There was one redeeming quality to this class: the professor. There is no way for me to accurately portray this guy to get the full understanding necessary, but I’ll give it my best shot. He had an unkempt mop of black hair sprinkled with grey, shooting off in several directions. His teeth took poor Japanese hygiene to a new level, dark brown and rotting. His suit, sweater and jacket three piece was each a different tone of grey, and halfway tucked in. His glasses were always tilting down on one side. One of his brown boots was untied. But the kicker was his voice. Honestly he probably spoke better English than any Japanese person I have yet to encounter, but that just made it worse. He had a spitting lisp that wouldn’t quit, peppered each sentence with at least 10 “emms…ehhhs…ahhmmms...” and other dragged out single syllable pronunciations of consonant sounds that served no purpose other than to accentuate his nerdiness. And the tone of the voice was the quintessential high pitch nerd volume, only with an Asian affectation. Pure entertainment.
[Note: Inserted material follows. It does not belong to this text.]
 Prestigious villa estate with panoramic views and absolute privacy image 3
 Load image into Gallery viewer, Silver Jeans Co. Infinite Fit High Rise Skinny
After the movie the university was having a rice pounding ceremony. I sat across from a girl who looked like she had just walked out of a poor Kyoto countryside village 100 years ago. Bowl cut, dirty face, the works. Anyways I could feel the excitement eminating from her as she waited for the instructions to be explained before we could start. At the end of the instructions she couldn’t contain herself, rocking back and forth in her seat while slapping her hands in a applause like a seal. It was amazing. When the speaker asked who wanted to be first her hand shot in the air faster than you can say “unagi roll.” After a few seconds of passing without the speaker seeing her (even though she was the only one with her hand raised) the girl took matters, and mallats, into her own hands. She got up, walked straight to the rice pounding hammer and went to work on this thing like her entire caste depended on it. It truly was a sight to behold. Her enthusiasm never wavered, and when it came time to roll the pounded rice, guess who was first in line. One of the highlights of my night came later when we played an ice breaker game where you had to fill out a bingo card with names and she approached me to ask for my name. She must have seen how much I enjoyed her display, or maybe she just noticed heard me screaming in laughter when she swung the mallat or saw me point at her everytime it was asked who wants another turn. Either way, though the conversation lasted only through greetings and pleasantries even 15 seconds with this girl was enough. I usually am never at a loss for words, but it was like meeting my childhood idol. Honestly I am probably better off not being able to get more of the conversation out of her, because she definitely struck me as the type of girl who would kill anything that stood between her and rice pounding.
Apparently we were guests of honor at this even, because before dinner we all had to get on the mic and introduce ourselves. I thanked them for inviting me to their pounding ceremony and enjoyed glasses upon glasses of the free beer and sake at my disposal. Eight beers and four glasses of sake later, I was toasted, much to Takagi’s chagrin. As they announced the names for Bingo later, I could barely contain myself. We took turns getting as absolutely ridiculous with our cheers for the winners of bingo as we could, while being the only ones to help ourselves to more beer and sake. After bingo ended one of the coordinators of the event said some incomprehensible Japanese to me and thrust the microphone to my face. Apparently he was asking if I enjoyed myself, but because I was drunk and because I had no idea what the hell he was saying to me, the best response I could muster up was to yell, “BINGO!” into the microphone. I hate myself.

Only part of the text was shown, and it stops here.